The complete mitochondrial genome of Acanthosentis cheni (Acanthocephala: Quadrigyridae)

Rui Song a, Dong Zhang b, Shiming Deng a, Deming Ding a, Fuchu Liao a,, Lusha Liu c
PMCID: PMC7799462  PMID: 33473631

Abstract

Acanthosentis cheni is a marine or brackish acanthocephalan found in fish. The complete mitochondrial genome of A. cheni (Acanthocephala: Quadrigyridae) is first sequenced. It is a circular molecule of 13,695 bp in size and consists of 12 protein-coding genes (PCGs), 20 transfer RNA (tRNA) genes, 2 ribosomal RNA (rRNA) genes. Except tRNA-Gln, all other mitochondrial genes were encoded on the heavy strand. The gene order and orientation of A. cheni mitogenome are basically identical to that of other acanthocephala. This study will facilitate the further research of the population genetics of this species and systematic analyses of the acanthocephala.

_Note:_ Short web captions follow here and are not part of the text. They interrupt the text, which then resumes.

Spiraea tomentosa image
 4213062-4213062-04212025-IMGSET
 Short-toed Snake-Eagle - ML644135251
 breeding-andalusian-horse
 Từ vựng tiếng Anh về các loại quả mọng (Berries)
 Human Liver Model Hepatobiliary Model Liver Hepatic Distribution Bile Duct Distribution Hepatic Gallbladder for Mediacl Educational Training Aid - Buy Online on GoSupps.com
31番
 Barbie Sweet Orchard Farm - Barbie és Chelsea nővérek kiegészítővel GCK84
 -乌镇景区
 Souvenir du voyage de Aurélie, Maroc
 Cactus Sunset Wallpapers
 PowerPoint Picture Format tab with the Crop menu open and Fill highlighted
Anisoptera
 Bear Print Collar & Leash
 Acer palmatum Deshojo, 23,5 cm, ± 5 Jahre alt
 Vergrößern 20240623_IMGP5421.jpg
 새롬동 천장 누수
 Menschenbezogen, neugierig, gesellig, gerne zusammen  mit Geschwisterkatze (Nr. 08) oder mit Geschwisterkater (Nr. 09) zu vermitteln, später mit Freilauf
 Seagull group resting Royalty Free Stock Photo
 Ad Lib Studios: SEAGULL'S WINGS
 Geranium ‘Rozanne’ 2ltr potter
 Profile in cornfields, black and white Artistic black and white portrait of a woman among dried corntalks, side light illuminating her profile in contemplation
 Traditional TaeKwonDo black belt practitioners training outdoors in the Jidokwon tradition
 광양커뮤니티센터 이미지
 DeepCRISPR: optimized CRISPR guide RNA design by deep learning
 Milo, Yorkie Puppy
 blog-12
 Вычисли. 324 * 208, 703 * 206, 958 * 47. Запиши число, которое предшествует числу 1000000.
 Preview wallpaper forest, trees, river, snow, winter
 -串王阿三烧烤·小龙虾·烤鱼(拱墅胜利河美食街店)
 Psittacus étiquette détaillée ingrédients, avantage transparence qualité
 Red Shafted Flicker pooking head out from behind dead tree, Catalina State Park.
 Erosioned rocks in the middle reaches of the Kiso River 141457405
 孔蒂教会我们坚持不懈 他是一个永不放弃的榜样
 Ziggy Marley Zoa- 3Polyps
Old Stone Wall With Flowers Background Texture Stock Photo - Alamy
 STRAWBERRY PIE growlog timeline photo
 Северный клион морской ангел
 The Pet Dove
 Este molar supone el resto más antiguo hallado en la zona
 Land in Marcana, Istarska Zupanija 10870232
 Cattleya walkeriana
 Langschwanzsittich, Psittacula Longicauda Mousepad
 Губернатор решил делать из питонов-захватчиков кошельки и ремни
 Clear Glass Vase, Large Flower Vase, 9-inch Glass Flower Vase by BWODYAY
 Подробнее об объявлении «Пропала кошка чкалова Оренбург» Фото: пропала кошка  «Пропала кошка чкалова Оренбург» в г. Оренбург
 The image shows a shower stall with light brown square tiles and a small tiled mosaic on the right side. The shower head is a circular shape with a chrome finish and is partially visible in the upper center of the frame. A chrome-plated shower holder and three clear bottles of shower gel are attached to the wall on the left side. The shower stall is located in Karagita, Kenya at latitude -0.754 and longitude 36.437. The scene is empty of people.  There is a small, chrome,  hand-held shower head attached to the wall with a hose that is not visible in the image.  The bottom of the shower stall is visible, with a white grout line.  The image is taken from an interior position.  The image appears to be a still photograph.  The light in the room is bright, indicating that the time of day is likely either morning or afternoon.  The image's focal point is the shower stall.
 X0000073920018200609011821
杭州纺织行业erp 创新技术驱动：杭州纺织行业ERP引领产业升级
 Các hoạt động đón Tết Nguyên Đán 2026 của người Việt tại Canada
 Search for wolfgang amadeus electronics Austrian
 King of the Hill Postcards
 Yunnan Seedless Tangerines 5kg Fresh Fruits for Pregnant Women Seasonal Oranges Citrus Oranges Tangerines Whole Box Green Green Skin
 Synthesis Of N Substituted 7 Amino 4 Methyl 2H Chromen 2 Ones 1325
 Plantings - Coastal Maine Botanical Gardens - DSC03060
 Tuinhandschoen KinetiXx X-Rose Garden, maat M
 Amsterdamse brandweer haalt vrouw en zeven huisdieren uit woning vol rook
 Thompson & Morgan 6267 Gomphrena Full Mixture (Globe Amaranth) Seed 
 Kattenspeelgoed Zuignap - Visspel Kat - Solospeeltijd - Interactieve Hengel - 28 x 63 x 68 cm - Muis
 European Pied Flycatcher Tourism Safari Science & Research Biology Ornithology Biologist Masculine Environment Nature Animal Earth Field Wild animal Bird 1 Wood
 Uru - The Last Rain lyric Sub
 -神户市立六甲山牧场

Keywords: Acanthosentis cheni, mitogenomics, parasite, phylogeny

Acanthosentis cheni is a marine or brackish acanthocephalan found in fish. The complete mitochondrial genome of A. cheni (Acanthocephala: Quadrigyridae) is first sequenced. It is a circular molecule of 13,695 bp in size and consists of 12 protein-coding genes (PCGs), 20 transfer RNA (tRNA) genes, 2 ribosomal RNA (rRNA) genes. Except tRNA-Gln, all other mitochondrial genes were encoded on the heavy strand. The gene order and orientation of A. cheni mitogenome are basically identical to that of other acanthocephala. This study will facilitate the further research of the population genetics of this species and systematic analyses of the acanthocephala.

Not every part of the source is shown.